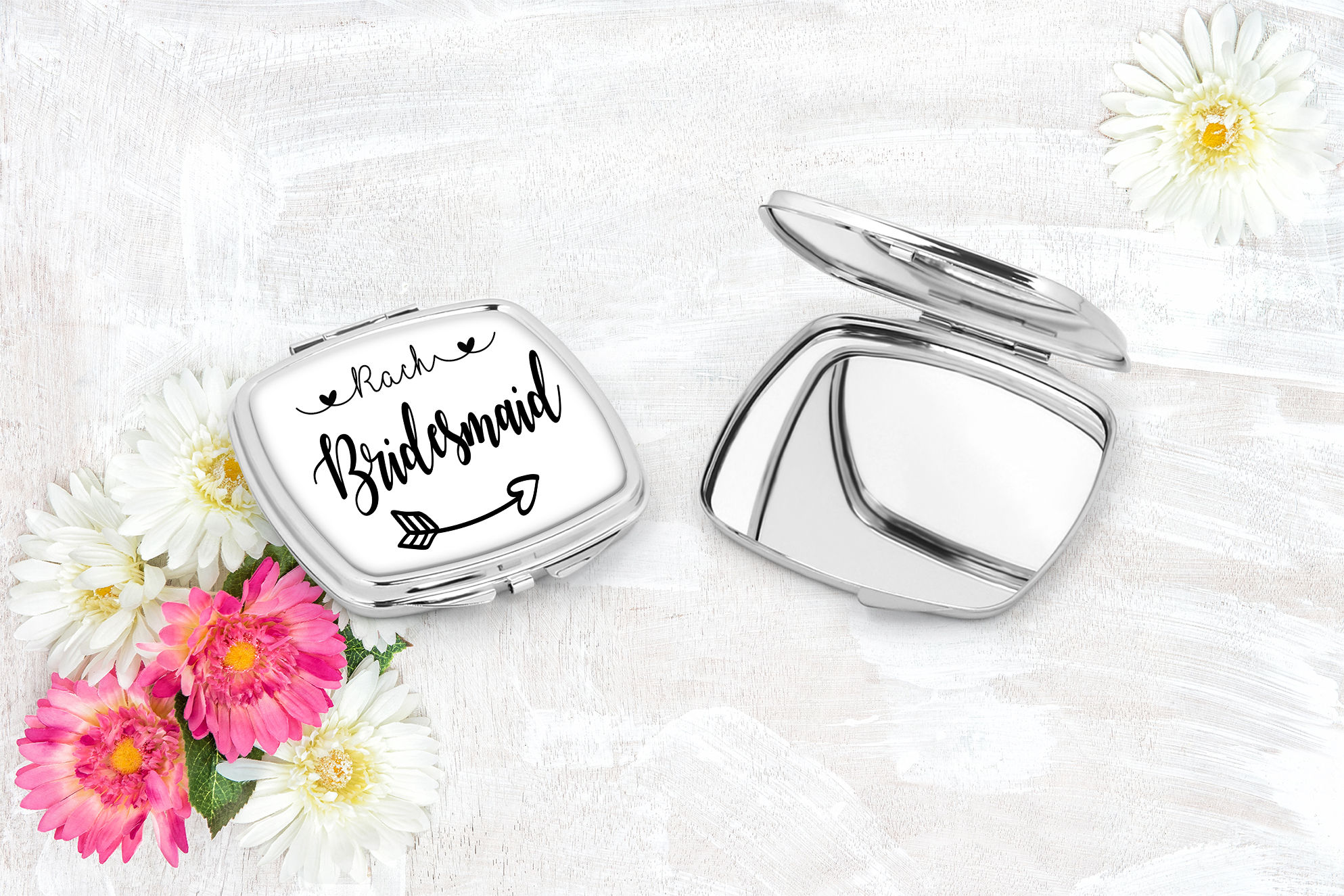 Personalised Compact Mirror - Bridesmaid Arrow Name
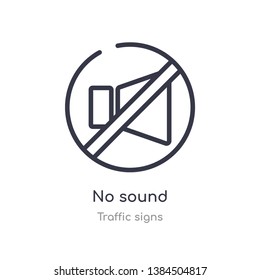 no sound outline icon. isolated line vector illustration from traffic signs collection. editable thin stroke no sound icon on white background
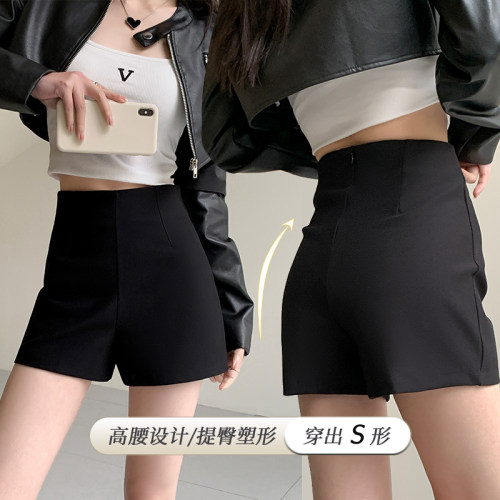 黑色休闲短裤高腰显瘦百搭a字裤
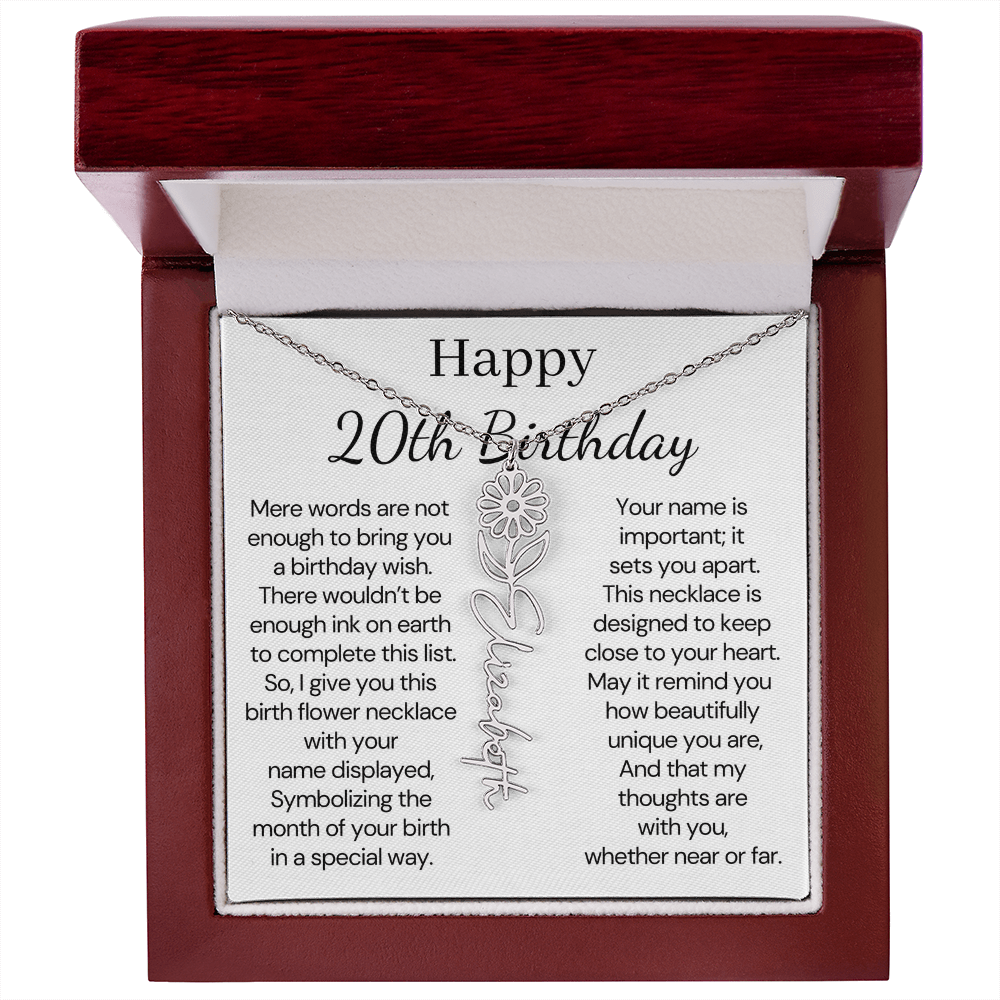 Personalized 20th Birthday Gift for Her – Customized Birth Flower Name Necklace – 20th Birthday Jewelry Gift for Daughter, Granddaughter, or Niece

◇ ◇ ◇ ◇ ◇ ◇ ◇

■ EXERCISE OBJECTIVE
Take the material above and set it down exactly, minus the images.

■ RESPONSE BELOW
 Personalised Compact Mirror - Bridesmaid Arrow Name
 no sound outline icon. isolated line vector illustration from traffic signs collection. editable thin stroke no sound icon on white background
 黑色休闲短裤高腰显瘦百搭a字裤
 Personalized 20th Birthday Gift for Her – Customized Birth Flower Name Necklace – 20th Birthday Jewelry Gift for Daughter, Granddaughter, or Niece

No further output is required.